- MATERIAL FOR THE TASK
^^^^^^^^^^^^^^^^

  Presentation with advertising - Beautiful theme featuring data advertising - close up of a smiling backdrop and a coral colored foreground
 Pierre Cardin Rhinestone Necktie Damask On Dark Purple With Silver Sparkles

^^^^^^^^^^^^^^^^

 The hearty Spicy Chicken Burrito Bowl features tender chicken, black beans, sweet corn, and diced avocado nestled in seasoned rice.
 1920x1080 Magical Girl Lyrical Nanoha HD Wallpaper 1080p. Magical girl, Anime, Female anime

^^^^^^^^^^^^^^^^

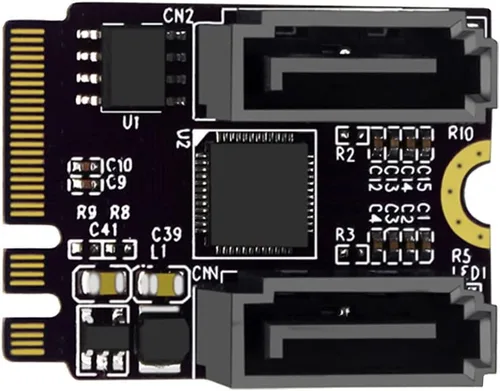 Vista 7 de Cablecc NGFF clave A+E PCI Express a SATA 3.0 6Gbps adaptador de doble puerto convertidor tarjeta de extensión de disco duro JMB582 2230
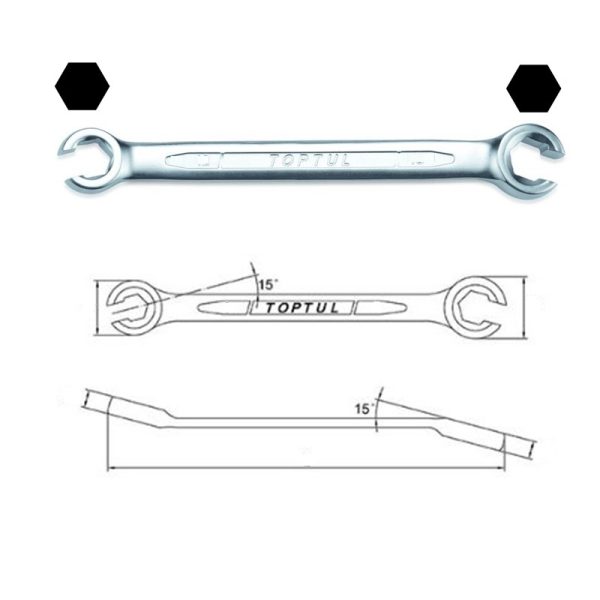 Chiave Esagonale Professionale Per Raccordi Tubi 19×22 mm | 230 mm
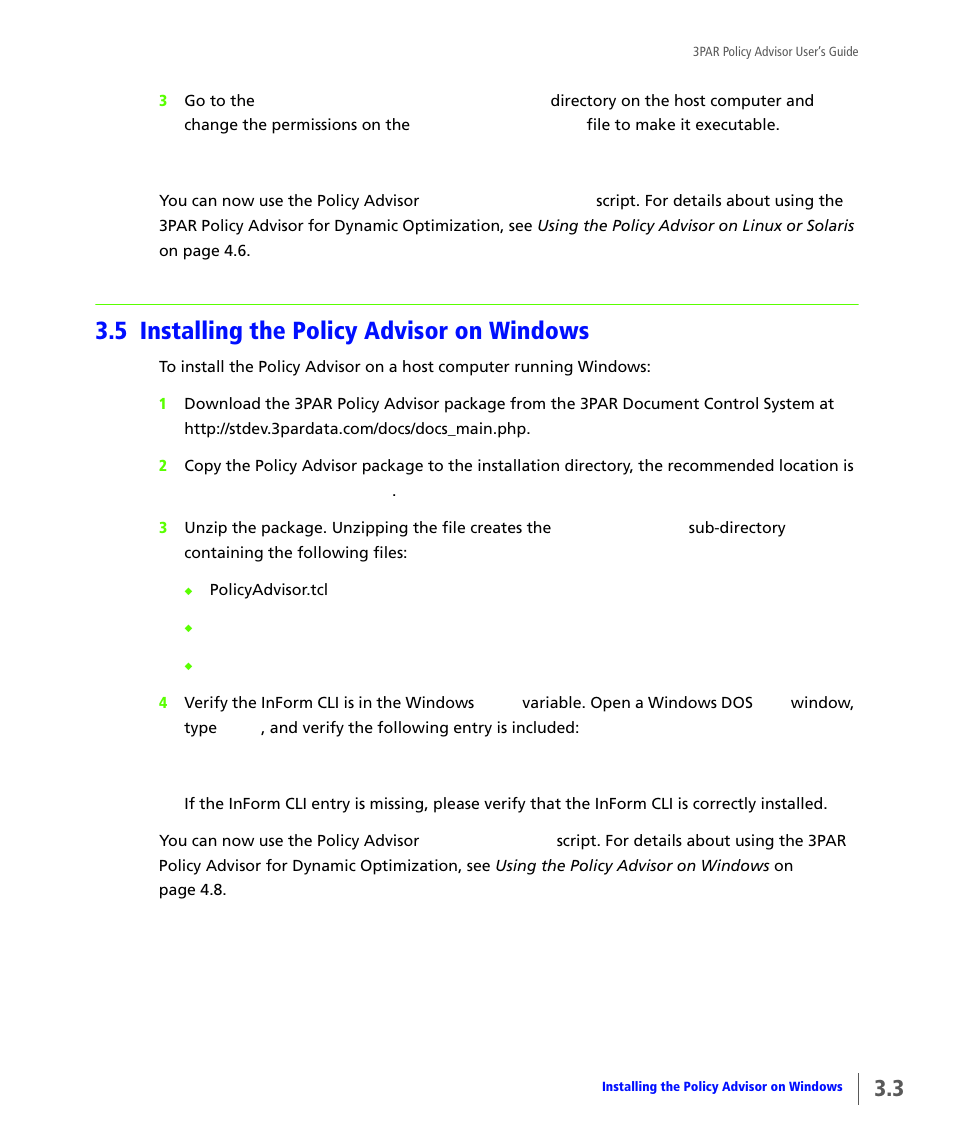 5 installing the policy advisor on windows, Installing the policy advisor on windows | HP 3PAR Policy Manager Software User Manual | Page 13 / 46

^^^^^^^^^^^^^^^^

- REQUIRED WORK
Using the listing above, copy exactly the line that contains "The hearty Spicy", the line that contains "1920x1080 Magical Girl", and each line that falls between them.

- ANSWER AREA
 The hearty Spicy Chicken Burrito Bowl features tender chicken, black beans, sweet corn, and diced avocado nestled in seasoned rice.
 1920x1080 Magical Girl Lyrical Nanoha HD Wallpaper 1080p. Magical girl, Anime, Female anime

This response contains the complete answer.